Project: Knocknashee Archaeology Project
Directors: Dr. Dirk Brandherm, Cormac McSparron, Queen’s University Belfast
Location: Knocknashee, Lavagh, Tubbercurry, Co. Sligo
Year: 2016-ongoing
Funding: Royal Irish Academy Grant (2016, 2017)
Aim: Geophysical surveys assessed house sites on the plateau of Knocknashee, a hillfort complex which also contains two Passage Tombs. In 2016 I directed surveys at Earthsound Archaeological Geophysics across the entire hillfort interior – more than 20 ha in size – using Magnetic Susceptibility to identify zonations of activity alongside volunteers from IT Sligo. Specific clusters of huts and enclosures were further investigated with high-resolution Magnetometry and Earth Resistance surveys. I returned in 2017 to direct a Magnetometer survey across the southern half of the plateau and targeted Metal Detection surveys over house groups in advance of an excavation by Queen’s University Belfast. I’ve also been analysing soils recovered from the excavation using a variety of geoarchaeological techniques at IT Sligo.
Outcomes: In Summer 2018, my work on Knocknashee Hillfort, Co. Sligo, Ireland, was published in a number of outlets. The results of the 2016 geophysical surveys were published in Emania, with additional pieces in Archaeology Ireland and PAST. The PAST item also featured an introduction to the 2017 excavation including the results of radiocarbon dates which demonstrate that all three houses date to the Late Bronze Age.
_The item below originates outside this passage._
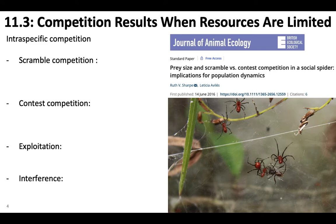Exploitation and interference are different terms for looking at scramble versus contest competition. Exploitation is when organisms don't compete through direct contact — something gets to a resource first, eats it, and is gone by the time something else shows up. This is indirect competition. Interference is when individuals directly interact with one another to prevent each other from accessing resources. So exploitation and interference are both types of contest competition — exploitation is indirect, and interference is when they actually fight each other and expend energy to protect a resource from another individual of the same species.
Brandherm, D., McSparron, C., Kahlert, T. & Bonsall, J. 2018. ‘Topographical and Geophysical Survey at Knocknashee, Co. Sligo – Results from the 2016 Campaign’. Emania 24 (2018), pp81-96.
Brandherm, D., McSparron, C., Kahlert, T., Bonsall, J., Wilkinson, A. & Kytmannow, T. 2018. ‘The hill of the fairies’. Archaeology Ireland, Autumn 2018.